Chevrolet will also offer a lot of options for customization. There will be "a wide range of interior styling choices for the different models, achieved through several color and trim choices," Chevrolet said.

The vehicle's style is sporty, highly-stylized and aggressive, said Kelley Blue Book senior analyst Rebecca Lindland.

"It won't appeal to everyone but it will appeal to people who want a sporty high stylized crossover, regardless of lifestage."

So its appeal could therefore be both narrow in terms of taste and broad in terms of age or other factor, she added.

With the Blazer, Chevrolet is taking another step toward having the "Goldilocks" of lineups, she said.

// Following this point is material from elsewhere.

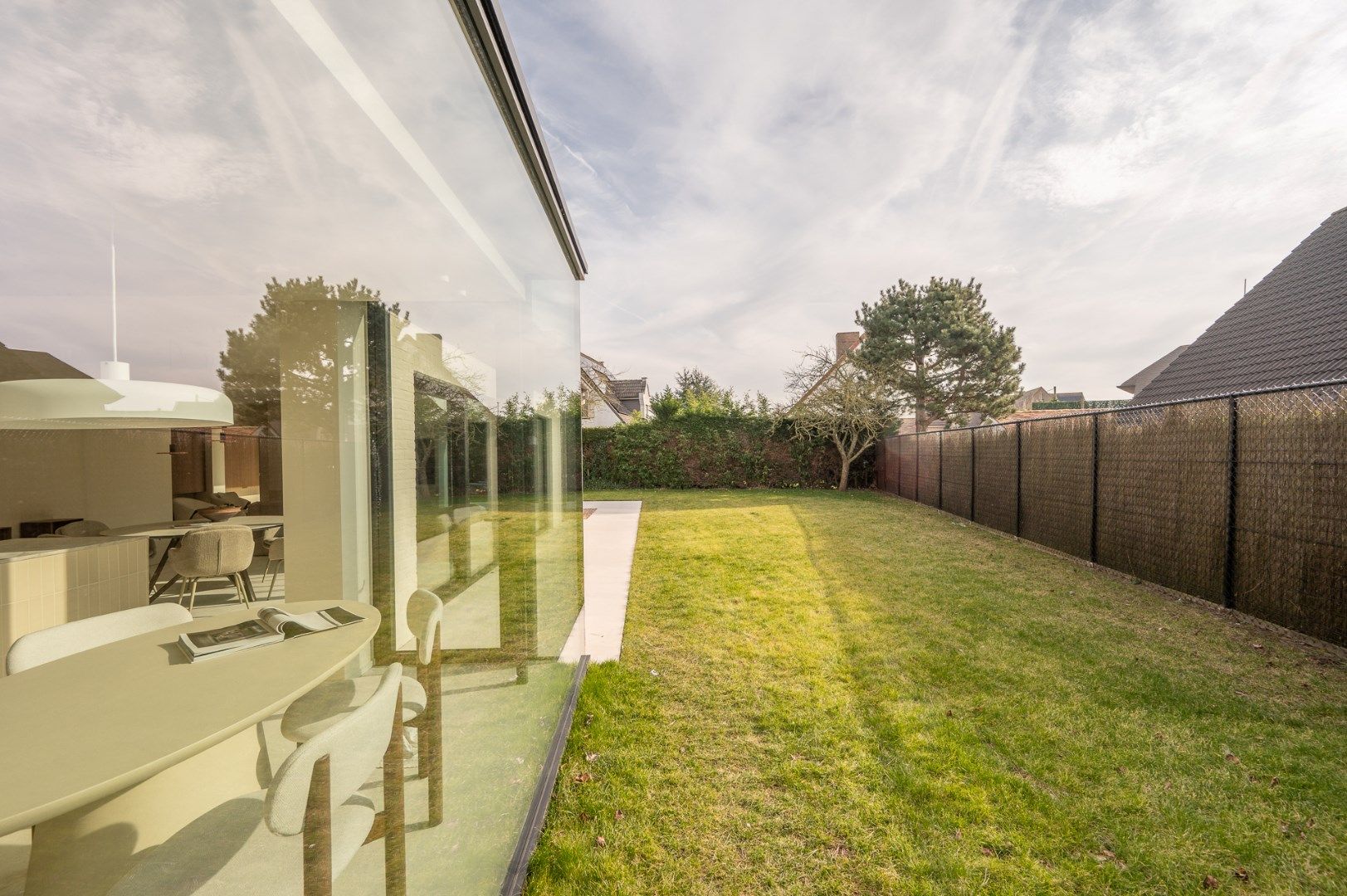 Alleenstaande en luxueus gerenoveerde villa op een rustige en residentiële ligging in Knokke foto 24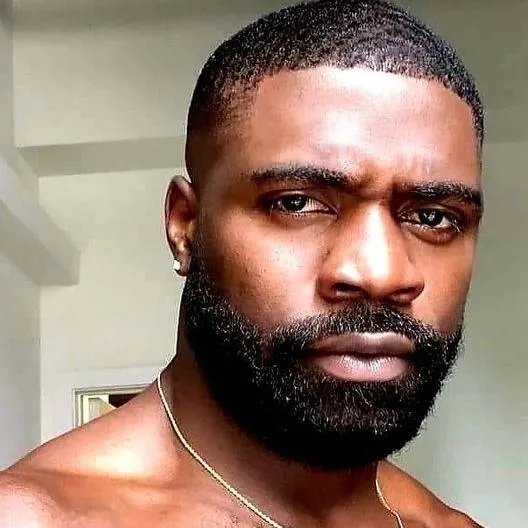 chat with ai character: Santi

Chevrolet will now sell 6 SUVs and crossovers, from the tiny subcompact Trax crossover, which starts at a mere $21,000, all the way up to the $50,000+ full-size Suburban SUV.

The characteristics that distinguish one model in the lineup from the one next to it might be few, but they could make all the difference to a customer looking for a very specific kind of vehicle, Lindland said.

Both how the Blazer is positioned and what it offers in options shows that advancements in manufacturing have allowed automakers to aim products at ever narrower slices of the market than they were able even 15 years ago, she said.

Companies can now build several different types of vehicles on the same production line. They can make rear-wheel-drive vehicles and all-wheel-drive vehicles on the same equipment, for example.

They can also share components across a lineup that consumers will never see or notice, and use styling and other more visible features to distinguish one product from another.

So they can, for example, put the same wire harness or USB port in several different vehicles, while allowing consumers to choose from a variety of wheels, interior features, or interior trims.

This gives them flexibility and allows them to achieve the economies of scale that make the business case for a wide variety of narrowly targeted products.

"In decades past it was often too expensive to customize vehicles for these narrow bands of consumers," she said. "But in today's flexible manufacturing world, they can actually do that. They can make these very niche products. It is reflective of the customization that technology has enabled and that consumers have almost come to expect."